### INSTRUCTIONS TO FOLLOW
Copy out the lines of the records below, and only those lines, from the one with "HANDPAINTED TEXAS BLUEBONNETS" through the one with "Orderportal interface de", exactly as they appear.

** MATERIAL FOR THE TASK follows **

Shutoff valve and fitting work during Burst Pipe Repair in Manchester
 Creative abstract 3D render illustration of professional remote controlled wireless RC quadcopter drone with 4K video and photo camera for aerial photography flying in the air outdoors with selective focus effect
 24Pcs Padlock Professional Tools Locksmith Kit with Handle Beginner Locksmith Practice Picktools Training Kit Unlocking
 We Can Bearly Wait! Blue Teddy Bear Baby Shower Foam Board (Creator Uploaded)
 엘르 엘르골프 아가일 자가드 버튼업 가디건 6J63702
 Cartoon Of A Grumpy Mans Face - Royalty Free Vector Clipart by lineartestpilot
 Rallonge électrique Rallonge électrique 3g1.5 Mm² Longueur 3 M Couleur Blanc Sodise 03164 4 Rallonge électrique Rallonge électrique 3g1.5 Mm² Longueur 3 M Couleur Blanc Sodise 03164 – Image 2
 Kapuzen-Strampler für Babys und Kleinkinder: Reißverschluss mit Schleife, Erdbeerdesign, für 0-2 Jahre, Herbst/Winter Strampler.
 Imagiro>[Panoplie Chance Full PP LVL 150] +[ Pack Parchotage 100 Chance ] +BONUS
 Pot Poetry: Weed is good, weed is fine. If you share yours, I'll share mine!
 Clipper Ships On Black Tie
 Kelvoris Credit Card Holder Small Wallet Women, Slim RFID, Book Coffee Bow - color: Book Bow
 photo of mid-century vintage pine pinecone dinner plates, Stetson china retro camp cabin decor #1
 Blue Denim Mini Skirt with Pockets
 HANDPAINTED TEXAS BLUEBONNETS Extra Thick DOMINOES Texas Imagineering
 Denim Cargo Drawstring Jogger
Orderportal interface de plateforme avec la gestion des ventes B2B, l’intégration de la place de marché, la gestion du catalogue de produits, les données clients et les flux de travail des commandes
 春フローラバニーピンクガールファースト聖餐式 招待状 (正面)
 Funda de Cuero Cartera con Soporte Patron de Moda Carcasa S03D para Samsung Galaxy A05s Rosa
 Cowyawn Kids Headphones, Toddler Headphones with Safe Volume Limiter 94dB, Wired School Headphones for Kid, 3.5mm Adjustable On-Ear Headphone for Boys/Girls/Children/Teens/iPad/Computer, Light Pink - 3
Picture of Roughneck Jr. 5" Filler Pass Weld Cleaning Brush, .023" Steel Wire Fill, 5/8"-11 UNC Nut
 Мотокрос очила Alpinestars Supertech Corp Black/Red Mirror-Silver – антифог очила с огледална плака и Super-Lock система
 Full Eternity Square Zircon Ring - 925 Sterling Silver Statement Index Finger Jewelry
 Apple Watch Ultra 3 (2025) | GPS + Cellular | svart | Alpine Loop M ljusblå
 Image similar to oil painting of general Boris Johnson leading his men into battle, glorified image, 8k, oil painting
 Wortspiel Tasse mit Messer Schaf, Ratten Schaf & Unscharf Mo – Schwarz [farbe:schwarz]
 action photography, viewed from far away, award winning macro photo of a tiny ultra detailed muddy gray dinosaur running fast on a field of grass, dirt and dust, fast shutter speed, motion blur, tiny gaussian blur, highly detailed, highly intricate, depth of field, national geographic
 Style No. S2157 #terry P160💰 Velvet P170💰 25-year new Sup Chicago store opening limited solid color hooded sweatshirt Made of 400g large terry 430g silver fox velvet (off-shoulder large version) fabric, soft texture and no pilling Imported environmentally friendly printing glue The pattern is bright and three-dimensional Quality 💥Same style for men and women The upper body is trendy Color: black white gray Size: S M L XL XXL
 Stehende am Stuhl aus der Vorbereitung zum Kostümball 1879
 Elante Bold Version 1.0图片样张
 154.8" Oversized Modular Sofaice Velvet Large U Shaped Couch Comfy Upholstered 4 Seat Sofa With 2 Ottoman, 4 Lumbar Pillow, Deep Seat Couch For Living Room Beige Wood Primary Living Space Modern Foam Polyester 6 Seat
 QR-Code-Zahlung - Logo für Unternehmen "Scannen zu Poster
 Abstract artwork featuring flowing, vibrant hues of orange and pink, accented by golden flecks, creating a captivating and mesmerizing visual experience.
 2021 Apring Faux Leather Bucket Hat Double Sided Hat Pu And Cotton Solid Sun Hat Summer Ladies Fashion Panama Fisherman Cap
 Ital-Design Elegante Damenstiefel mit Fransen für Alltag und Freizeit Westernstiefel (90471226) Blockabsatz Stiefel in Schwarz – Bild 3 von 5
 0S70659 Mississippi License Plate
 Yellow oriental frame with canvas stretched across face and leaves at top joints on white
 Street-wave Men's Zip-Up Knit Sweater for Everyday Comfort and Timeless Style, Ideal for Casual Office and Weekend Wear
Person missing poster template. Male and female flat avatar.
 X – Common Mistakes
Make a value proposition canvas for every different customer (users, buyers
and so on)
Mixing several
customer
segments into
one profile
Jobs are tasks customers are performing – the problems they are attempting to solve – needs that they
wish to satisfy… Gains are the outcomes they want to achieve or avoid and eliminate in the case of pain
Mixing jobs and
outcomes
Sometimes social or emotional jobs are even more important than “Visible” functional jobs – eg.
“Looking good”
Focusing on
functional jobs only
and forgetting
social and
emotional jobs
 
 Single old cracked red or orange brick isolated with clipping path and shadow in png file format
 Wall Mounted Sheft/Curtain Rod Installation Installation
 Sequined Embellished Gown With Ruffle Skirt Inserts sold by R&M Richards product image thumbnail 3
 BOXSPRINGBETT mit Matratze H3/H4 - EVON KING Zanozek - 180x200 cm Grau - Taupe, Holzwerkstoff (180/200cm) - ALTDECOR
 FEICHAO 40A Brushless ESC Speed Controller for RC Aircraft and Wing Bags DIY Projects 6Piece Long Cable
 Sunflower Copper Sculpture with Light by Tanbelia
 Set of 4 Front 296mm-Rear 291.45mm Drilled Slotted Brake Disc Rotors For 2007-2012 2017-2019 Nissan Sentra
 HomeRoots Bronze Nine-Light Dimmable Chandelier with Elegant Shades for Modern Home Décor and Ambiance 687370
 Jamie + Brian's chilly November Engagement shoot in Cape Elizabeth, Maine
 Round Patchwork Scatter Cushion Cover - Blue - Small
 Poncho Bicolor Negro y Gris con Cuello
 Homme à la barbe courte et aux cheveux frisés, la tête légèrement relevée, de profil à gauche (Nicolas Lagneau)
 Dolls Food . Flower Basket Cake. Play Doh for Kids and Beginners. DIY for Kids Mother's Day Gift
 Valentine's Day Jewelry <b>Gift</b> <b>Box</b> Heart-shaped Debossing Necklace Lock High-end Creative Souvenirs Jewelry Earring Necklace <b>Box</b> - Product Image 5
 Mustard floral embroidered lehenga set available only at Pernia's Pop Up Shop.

** End of MATERIAL FOR THE TASK **

### WORKED SOLUTION
 HANDPAINTED TEXAS BLUEBONNETS Extra Thick DOMINOES Texas Imagineering
 Denim Cargo Drawstring Jogger
Orderportal interface de plateforme avec la gestion des ventes B2B, l’intégration de la place de marché, la gestion du catalogue de produits, les données clients et les flux de travail des commandes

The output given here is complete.